What you will do: Nothing before the line containing "Bild: Junge Menschen in Khartum" should appear; please restate that line and every later line word for word through the end of the listing.

The data:
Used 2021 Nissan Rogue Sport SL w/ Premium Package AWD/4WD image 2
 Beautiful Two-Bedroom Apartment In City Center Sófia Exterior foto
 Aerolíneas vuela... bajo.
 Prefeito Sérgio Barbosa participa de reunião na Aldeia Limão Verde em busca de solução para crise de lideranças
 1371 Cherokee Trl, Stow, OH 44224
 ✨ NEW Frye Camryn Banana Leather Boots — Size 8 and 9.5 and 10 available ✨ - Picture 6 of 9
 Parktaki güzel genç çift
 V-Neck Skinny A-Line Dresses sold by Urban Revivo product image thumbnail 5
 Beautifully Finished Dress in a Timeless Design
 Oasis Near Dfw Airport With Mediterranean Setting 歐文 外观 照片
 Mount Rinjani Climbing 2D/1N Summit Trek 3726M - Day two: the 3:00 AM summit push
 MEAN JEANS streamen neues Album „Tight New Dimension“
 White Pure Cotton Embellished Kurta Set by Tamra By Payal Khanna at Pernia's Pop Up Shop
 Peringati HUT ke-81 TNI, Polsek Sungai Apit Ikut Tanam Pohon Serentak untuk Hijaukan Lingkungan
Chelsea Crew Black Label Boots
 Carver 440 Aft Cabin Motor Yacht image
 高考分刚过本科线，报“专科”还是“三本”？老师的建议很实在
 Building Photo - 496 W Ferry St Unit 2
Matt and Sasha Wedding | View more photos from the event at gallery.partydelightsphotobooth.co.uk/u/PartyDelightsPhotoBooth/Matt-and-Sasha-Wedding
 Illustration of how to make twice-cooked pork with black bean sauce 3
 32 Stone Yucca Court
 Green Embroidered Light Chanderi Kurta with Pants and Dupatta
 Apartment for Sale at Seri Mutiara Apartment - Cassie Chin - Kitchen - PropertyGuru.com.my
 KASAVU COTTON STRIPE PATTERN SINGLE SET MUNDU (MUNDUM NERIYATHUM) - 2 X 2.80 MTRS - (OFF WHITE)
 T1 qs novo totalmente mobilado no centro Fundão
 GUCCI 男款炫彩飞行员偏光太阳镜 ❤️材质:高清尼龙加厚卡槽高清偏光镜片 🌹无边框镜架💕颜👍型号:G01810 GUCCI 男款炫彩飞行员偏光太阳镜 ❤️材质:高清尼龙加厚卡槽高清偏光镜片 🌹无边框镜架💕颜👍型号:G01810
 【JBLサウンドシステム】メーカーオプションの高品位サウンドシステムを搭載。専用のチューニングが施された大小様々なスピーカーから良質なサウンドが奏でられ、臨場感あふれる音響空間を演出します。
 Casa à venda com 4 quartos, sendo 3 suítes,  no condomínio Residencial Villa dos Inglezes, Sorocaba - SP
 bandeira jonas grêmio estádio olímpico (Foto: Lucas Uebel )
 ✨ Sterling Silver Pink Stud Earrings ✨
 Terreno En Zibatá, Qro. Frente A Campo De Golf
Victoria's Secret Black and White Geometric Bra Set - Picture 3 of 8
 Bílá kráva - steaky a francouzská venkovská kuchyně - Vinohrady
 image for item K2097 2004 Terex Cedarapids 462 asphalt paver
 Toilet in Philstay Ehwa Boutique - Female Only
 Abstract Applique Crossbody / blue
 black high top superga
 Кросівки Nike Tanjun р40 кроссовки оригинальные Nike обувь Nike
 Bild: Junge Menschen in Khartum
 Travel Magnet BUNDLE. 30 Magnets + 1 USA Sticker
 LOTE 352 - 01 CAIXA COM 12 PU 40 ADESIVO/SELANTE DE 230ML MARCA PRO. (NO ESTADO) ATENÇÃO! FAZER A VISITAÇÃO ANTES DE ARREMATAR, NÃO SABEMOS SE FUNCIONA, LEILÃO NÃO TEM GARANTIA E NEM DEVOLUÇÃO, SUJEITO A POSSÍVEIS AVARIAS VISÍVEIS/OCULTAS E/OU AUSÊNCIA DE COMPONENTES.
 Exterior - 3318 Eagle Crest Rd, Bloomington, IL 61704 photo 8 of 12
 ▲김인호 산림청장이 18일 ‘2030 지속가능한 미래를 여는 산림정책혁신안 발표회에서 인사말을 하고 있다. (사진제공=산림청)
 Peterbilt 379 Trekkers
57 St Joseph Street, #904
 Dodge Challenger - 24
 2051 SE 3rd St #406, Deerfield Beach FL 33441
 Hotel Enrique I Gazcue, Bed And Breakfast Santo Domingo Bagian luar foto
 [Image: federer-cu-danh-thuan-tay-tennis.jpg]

Your solution:
 Bild: Junge Menschen in Khartum
 Travel Magnet BUNDLE. 30 Magnets + 1 USA Sticker
 LOTE 352 - 01 CAIXA COM 12 PU 40 ADESIVO/SELANTE DE 230ML MARCA PRO. (NO ESTADO) ATENÇÃO! FAZER A VISITAÇÃO ANTES DE ARREMATAR, NÃO SABEMOS SE FUNCIONA, LEILÃO NÃO TEM GARANTIA E NEM DEVOLUÇÃO, SUJEITO A POSSÍVEIS AVARIAS VISÍVEIS/OCULTAS E/OU AUSÊNCIA DE COMPONENTES.
 Exterior - 3318 Eagle Crest Rd, Bloomington, IL 61704 photo 8 of 12
 ▲김인호 산림청장이 18일 ‘2030 지속가능한 미래를 여는 산림정책혁신안 발표회에서 인사말을 하고 있다. (사진제공=산림청)
 Peterbilt 379 Trekkers
57 St Joseph Street, #904
 Dodge Challenger - 24
 2051 SE 3rd St #406, Deerfield Beach FL 33441
 Hotel Enrique I Gazcue, Bed And Breakfast Santo Domingo Bagian luar foto
 [Image: federer-cu-danh-thuan-tay-tennis.jpg]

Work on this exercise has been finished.